=== REQUIRED WORK ===
From the line below that contains "party hats with felt ball toppers" to the line that contains "Miniatura 44 de", repeat every line exactly, both ends included, and nothing else.

=== DATA ===
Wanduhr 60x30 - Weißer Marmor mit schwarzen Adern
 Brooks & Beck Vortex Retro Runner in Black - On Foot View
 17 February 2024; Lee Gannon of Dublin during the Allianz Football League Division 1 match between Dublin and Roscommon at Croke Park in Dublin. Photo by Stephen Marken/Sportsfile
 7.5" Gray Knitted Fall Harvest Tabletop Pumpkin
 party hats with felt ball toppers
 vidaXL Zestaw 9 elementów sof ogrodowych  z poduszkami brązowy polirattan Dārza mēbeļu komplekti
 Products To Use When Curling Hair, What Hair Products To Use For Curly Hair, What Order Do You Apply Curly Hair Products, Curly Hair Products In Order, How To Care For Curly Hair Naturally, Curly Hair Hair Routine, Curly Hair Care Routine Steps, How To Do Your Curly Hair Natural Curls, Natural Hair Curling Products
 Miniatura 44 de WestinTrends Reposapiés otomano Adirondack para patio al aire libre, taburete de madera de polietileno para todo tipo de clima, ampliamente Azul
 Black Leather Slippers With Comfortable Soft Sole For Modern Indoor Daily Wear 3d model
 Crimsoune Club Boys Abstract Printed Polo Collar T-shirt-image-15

=== EXERCISE ANSWER ===
 party hats with felt ball toppers
 vidaXL Zestaw 9 elementów sof ogrodowych  z poduszkami brązowy polirattan Dārza mēbeļu komplekti
 Products To Use When Curling Hair, What Hair Products To Use For Curly Hair, What Order Do You Apply Curly Hair Products, Curly Hair Products In Order, How To Care For Curly Hair Naturally, Curly Hair Hair Routine, Curly Hair Care Routine Steps, How To Do Your Curly Hair Natural Curls, Natural Hair Curling Products
 Miniatura 44 de WestinTrends Reposapiés otomano Adirondack para patio al aire libre, taburete de madera de polietileno para todo tipo de clima, ampliamente Azul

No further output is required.